Table 3. Evaluation of association rule learning.

During the manual review of the derived rules we found that some of the correct and relevant rules have a trivial meaning. For instance, we derived the following rule on dimensionality using the trading goods data set with 100% confidence and 100% support. It specifies that whenever two dimensions have a length of 0.0 the third must also be 0.0.

$$\begin{aligned} \{Height|0.0, Length|0.0 \rightarrow Volume|0.0\} \end{aligned}$$
(2)

An example for a more complex rule we derived from the spare parts data set with a support level of 51.4% specifies that whenever a good is measured in kg and its trading is not restricted then its base unit is ‘EA each‘. This rule is true in 96.5% of the cases.

$$\begin{aligned} \{Weight|\text {KGM kg}, Cat|\text {Y001 Ambient no restrict} \rightarrow Base Unit|\text {EA each}\} \end{aligned}$$
(3)

Further to the manual review we evaluated the 43 and 14 rules we derived from the training sets against the test sets from a previous migration to find potential errors. This test showed that there are no violating tupels in the test sets. Nevertheless, this is still a useful result, as we have a validated proof that the data within the test sets is correct and do not need an additional manual review. This way we can reduce the amount of manual data quality work.

Overall, the results show that association rule learning is a suitable approach for detecting data errors in data migrations. However, it can be difficult to determine the optimal settings for support and confidence as the results need a manual review. Hereby, a user-friendly explanation of the algorithms and results can help to improve the usability of this approach [4].

4.3 Evaluation

After the case study we conducted a retrospective workshop with data migration experts at PharmCo. The workshop included the author of this paper and four experts from PharmCo.
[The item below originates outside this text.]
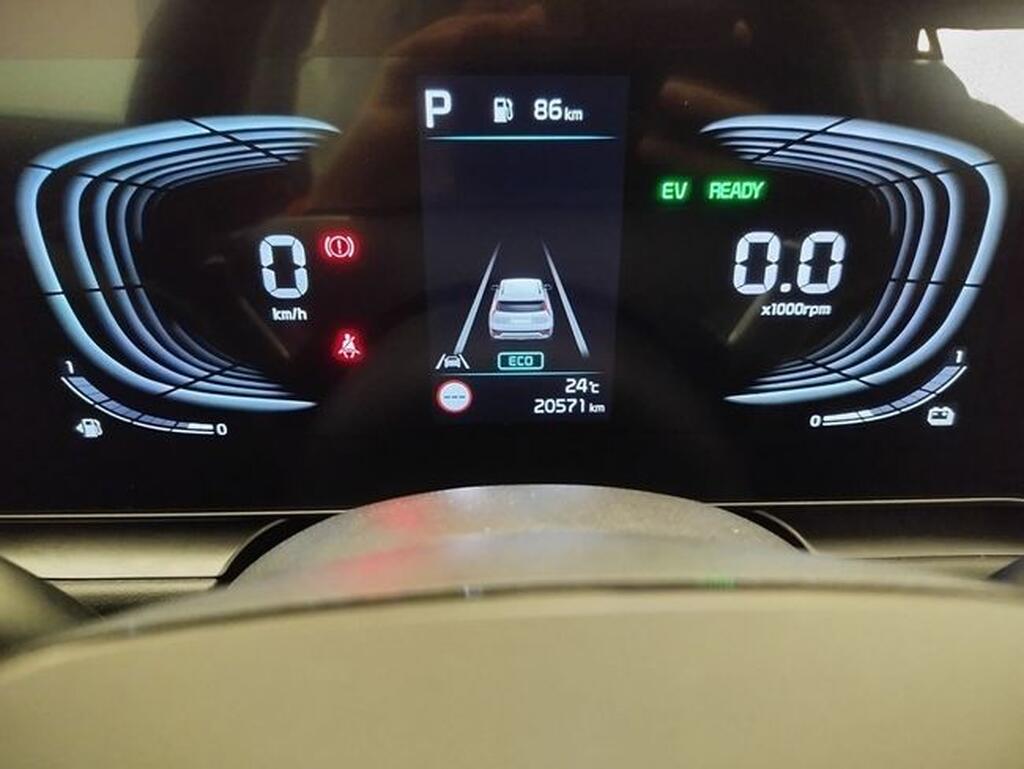 Kia Niro NIRO Berlina 1.6 GDI HEV DRIVE 129 5P Segunda mano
It lasted 90 min and provided valuable insights as the experts could draw on their personal experiences with data migrations. The workshop was structured by the two proposed methods and each one was discussed thoroughly regarding its usefulness and potential downsides.

Overall, we learned that our approach is well received and the prototypical application is still in use. However, a seamless integration into the existing system landscape at PharmCo is necessary for future use. Currently, the data migration team manually implements the rules derived from association rule learning into the existing data migration tool as executable rules. The SVM approach is used for certain attributes that the domain experts consider important. Therefore, the incoming data is tested against the binary classifier using a Python script, that was manually integrated into the data migration tool. PharmCo is planning to extend the current prototype and integrate it with the data migration tool as well as existing databases. This way, a fully integrated and automated tool for data quality rule learning emerges, which helps to simplify cumbersome data migration processes.

5 Related Work

The detection and cleaning of relational data sets (e.g., [1, 19]) and the data quality challenges in data migrations (e.g., [16, 20]) have both been widely discussed in the scientific literature. Yet, there is only a limited amount of prototypes available that combine both research directions and address data quality issues in data migrations.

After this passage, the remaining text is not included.